The 29.6 GW figure itself circulates widely in energy and technology reporting and is consistent with the IEA’s broader findings. The agency’s published materials do not isolate that exact number in a single labeled table, so it should be understood as an informed estimate drawn from the IEA’s data rather than a single audited line item. The scale, however, is not in serious dispute. Even conservative readings of the IEA’s scenarios place global AI-related data center demand in the tens of gigawatts and climbing.
Who is driving the buildout
The demand is not abstract. Microsoft, Google, Amazon, and Meta have collectively announced or begun construction on data center campuses that, if fully built, would add tens of gigawatts of new load to grids in Virginia, Texas, Georgia, Iowa, and beyond. Meta’s planned campus in Richland Parish, Louisiana, alone could draw more than 2 GW. Microsoft has signed power purchase agreements with nuclear operators to secure carbon-free baseload. Amazon has invested in small modular reactor developers for the same reason.
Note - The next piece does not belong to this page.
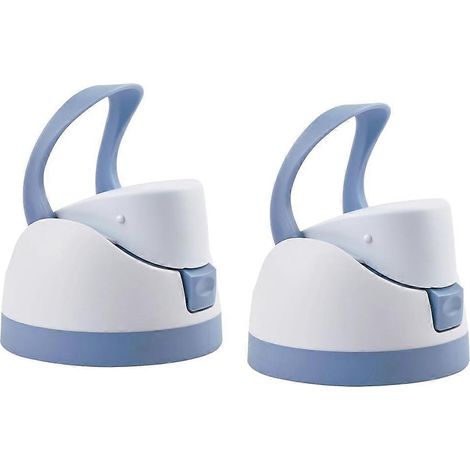 Lot de 2 bouchons de rechange pour gourde Owala Freesip, accessoires de remplacement pour bouchon de bouteille d'eau à un bouton Owala E (1/5)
These commitments show up in interconnection queues managed by regional grid operators like PJM Interconnection, which oversees the grid across 13 states and the District of Columbia. As of early 2025, PJM’s queue contained more than 260 GW of proposed generation and storage projects, many of them driven by data center demand in Northern Virginia, the densest data center market on Earth. The queue is so backlogged that new projects face wait times of four years or more just to get a grid connection study completed.
Why constant load changes the math
The comparison between 29.6 GW and New York’s 31,471 MW peak is striking, but it can also be misleading if taken at face value. New York hits that peak for only a handful of hours on the hottest summer days. For most of the year, statewide demand sits well below 20,000 MW. Data centers, by contrast, run at or near full capacity 8,760 hours a year. A single gigawatt of constant data center load consumes roughly three to four times more total energy annually than a gigawatt of peak demand that only materializes during summer afternoons.
That distinction matters for fuel procurement, emissions accounting, and infrastructure investment. A utility planning for a summer peak can rely on peaker plants that sit idle most of the year. A utility serving a 24/7 data center load needs baseload generation that never stops. If that generation comes from natural gas, the emissions implications are enormous. If it comes from renewables, the storage requirements are enormous. Either way, the capital costs are real, and they flow through to ratepayers.
What grid operators and regulators are doing
Responses are emerging at multiple levels. In Virginia, Loudoun County officials and Dominion Energy have faced public pressure over the pace of data center approvals, with residents raising concerns about noise, water use, and the strain on local substations. Georgia’s Public Service Commission has scrutinized large load requests from data center operators seeking to connect to Georgia Power’s system. At the federal level, the Department of Energy has launched initiatives to accelerate transmission buildout, recognizing that generation capacity means little if the wires to deliver it do not exist.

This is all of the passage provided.